Article in Nature Communications Highlights Study
MELBOURNE, FLA. — A team of Florida Institute of Technology researchers led by Associate Professor Ningyu Liu has captured rare and hard-to-predict upward-moving lightning discharges on video, allowing for the study of this phenomenon in a way that has not been previously possible.
The study and accompanying video, which were published last month in Nature Communications, focus on the electrical activities of Tropical Depression Dorian in August 2013, which featured seven of these upward-moving lightning events, each having unique optical and radio signatures.
Find the paper and links to the videos at http://www.nature.com/ncomms/2015/150121/ncomms6995/full/ncomms6995.html.
Among those working alongside Liu was Nicholas Spiva, a senior physics major at Florida Tech who was killed in a motorcycle accident late last year. They were joined by College of Science Dean Hamid Rassoul and scientists from outside of the university to investigate these lightning discharges, laying the groundwork for future study.
These upward electrical discharges have previously been classified into three groups, based on their terminal altitudes: starters (20-30 km), jets (40-50 km), and gigantic jets (70-90 km). Prior to this work, typical observations of these discharges had been limited to one type per storm. By capturing these seven discharges, which included all three types, researchers will now better understand the similarities and differences between these types and study them in greater detail.

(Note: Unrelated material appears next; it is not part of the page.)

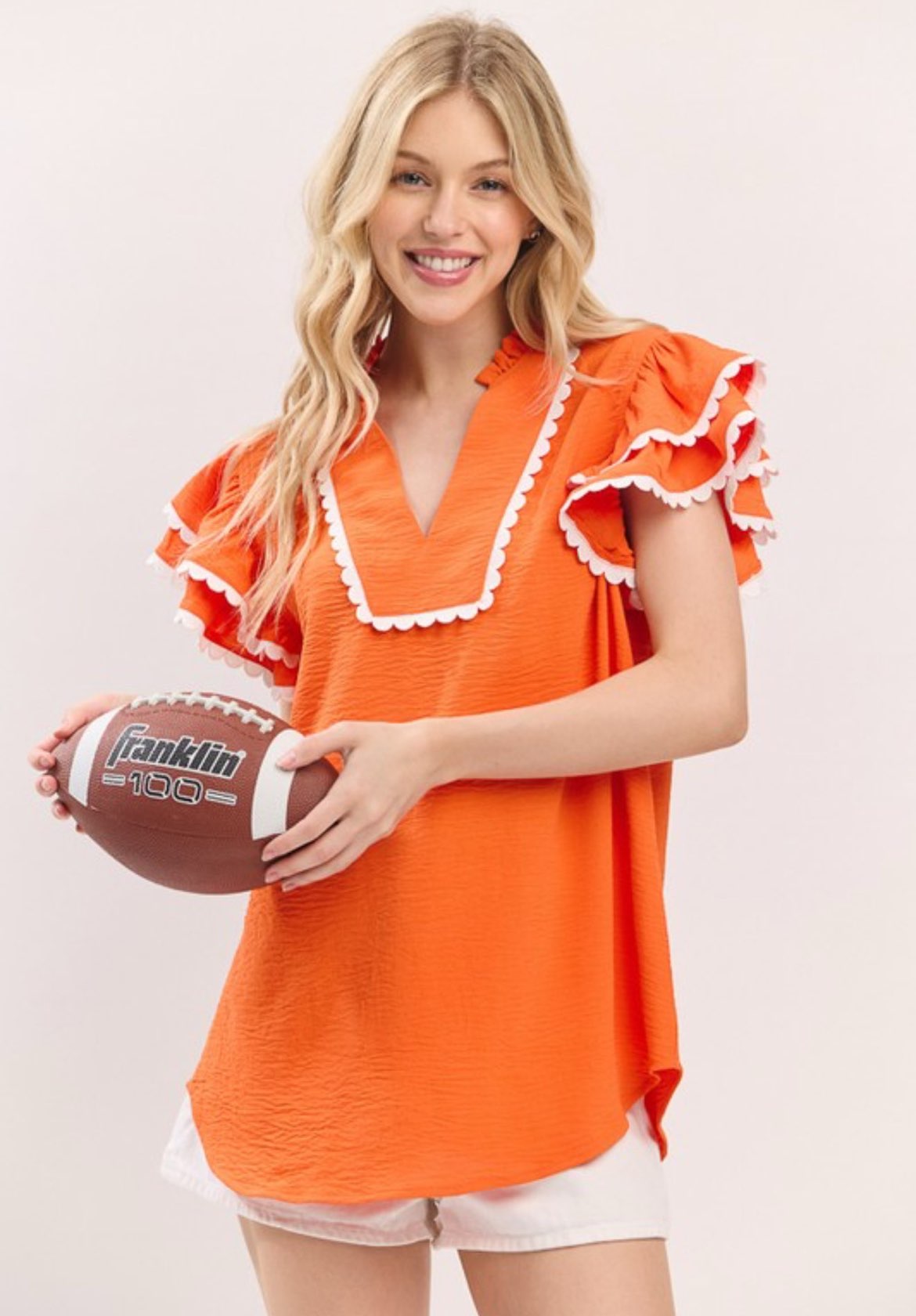 Ruffle Scallop Trim Top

One of the key findings from these new observations is that all seven events originated in the same thundercloud region, suggesting that these different kinds of events are generated by the same physical mechanism.

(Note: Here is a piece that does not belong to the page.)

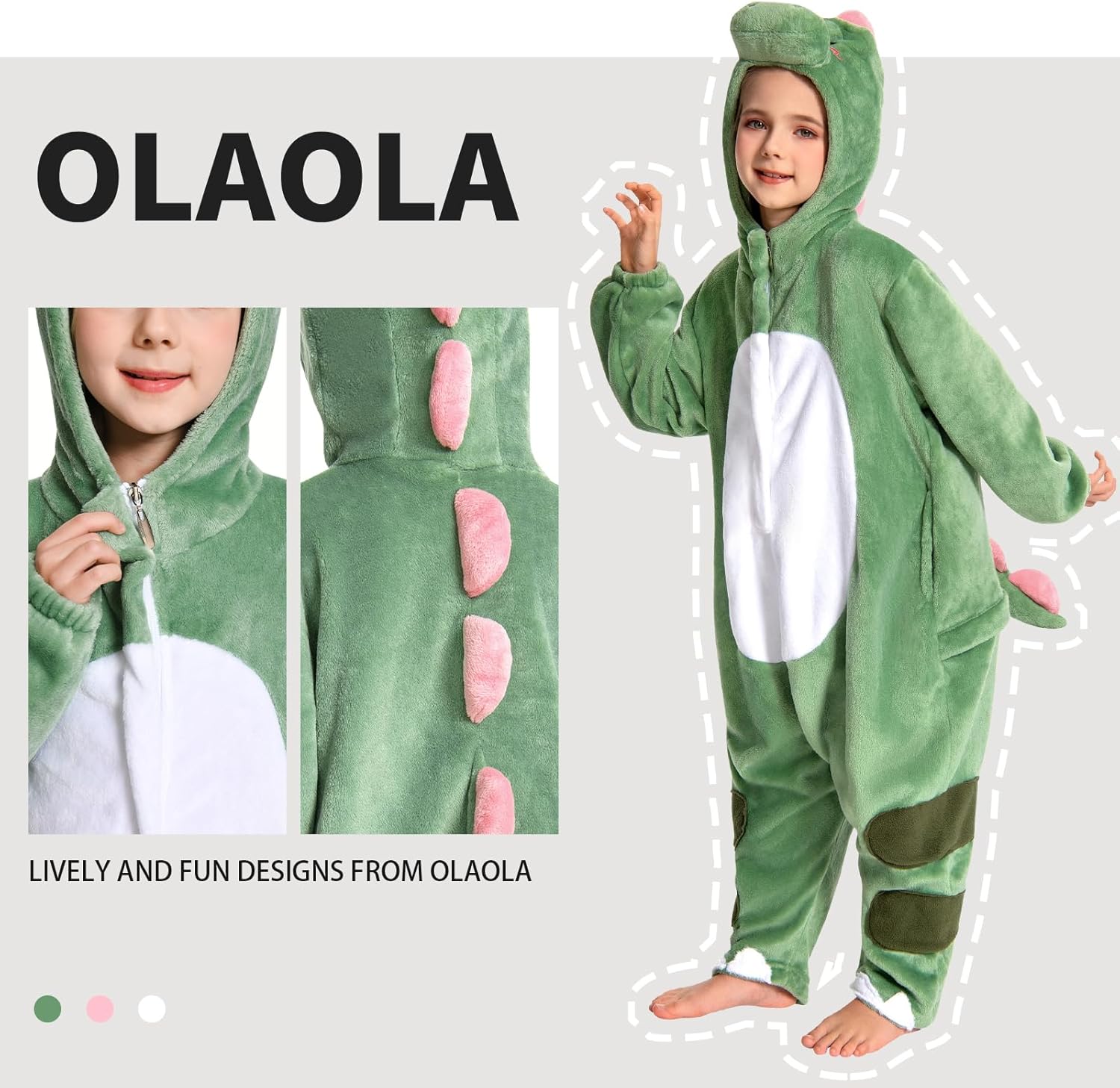 OLAOLA Kids Dinosaur Animal Onesie Plush Soft Flannel Warm Home Pajamas One-Piece Sleepwear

“Since 2001 our research team has been probing the mysteries of lightning,” Rassoul said. “This latest observation represents yet another exciting discovery that will help us better understand the properties of lightning in all of its diverse forms.”
Liu said that the upward electrical discharges transfer a large amount of electric charge into the upper atmosphere, which can potentially affect cloud formation and weather by modifying the global atmospheric electrical circuit, as well as the chemistry of the atmosphere. These discharges can also affect radio signals for long-range communication.

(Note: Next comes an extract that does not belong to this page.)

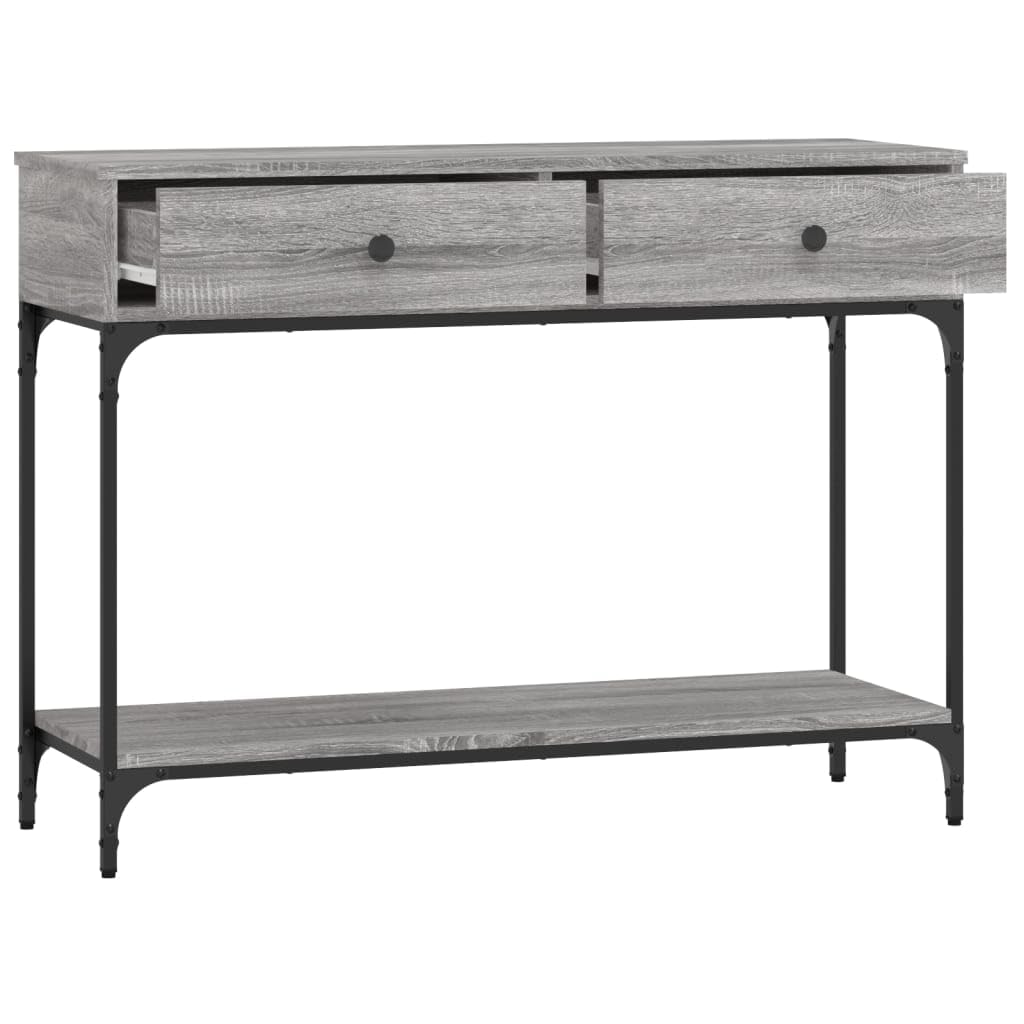 Sonoma stolik konsolowy, szary, 100 x 34,5 x 75 cm, wąski stolik pomocniczy z materiału drewnopochodnego z metalowym stelażem, stół do przedpokoju do salonu i przedpokoju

The team is currently studying this particular storm in depth for a better understanding of its meteorological and electrical characteristics.
“We are very curious about why this particular storm was able to generate those different forms of the upward electrical discharges, and what storm properties enabled the upward propagating leaders originating deep inside the storm to escape into space,” Liu said.
Future research will focus on modeling the electrical activities of storms like this to understand how jets and gigantic jets are formed. The research team also hopes to upgrade their Florida Tech observation system so they can collect even higher quality images during future events.